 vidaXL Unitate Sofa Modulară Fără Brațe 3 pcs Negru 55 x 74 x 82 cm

--

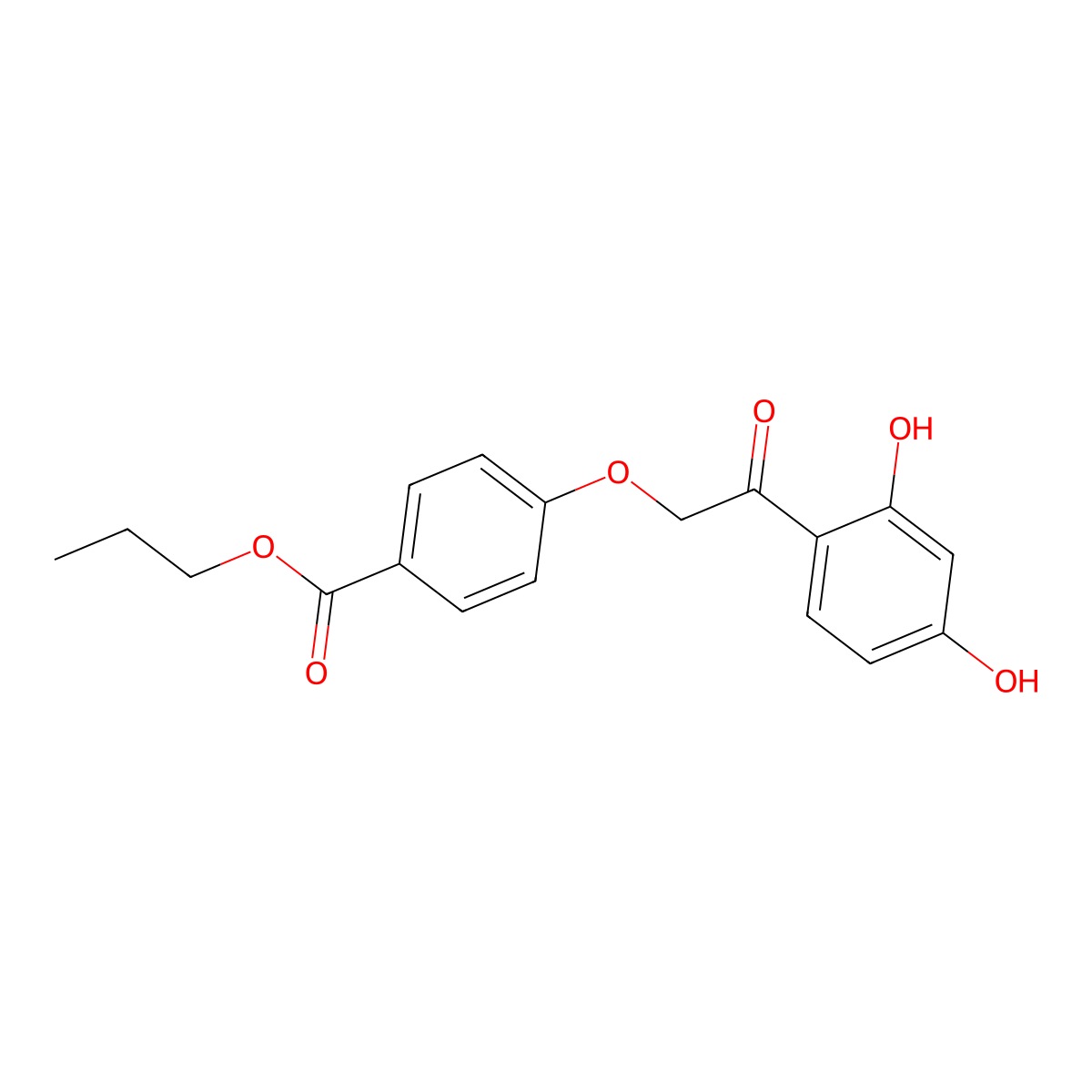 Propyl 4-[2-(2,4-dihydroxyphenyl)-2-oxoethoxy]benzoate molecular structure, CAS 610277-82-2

---

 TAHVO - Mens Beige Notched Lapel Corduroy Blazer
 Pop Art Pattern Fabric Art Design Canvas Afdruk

## [WHAT YOU SHOULD DO]
Could you restate word for word the lines above from the one containing "TAHVO - Mens" through the one containing "Pop Art Pattern", both included, and nothing else?

## [ANSWER SPACE]
 TAHVO - Mens Beige Notched Lapel Corduroy Blazer
 Pop Art Pattern Fabric Art Design Canvas Afdruk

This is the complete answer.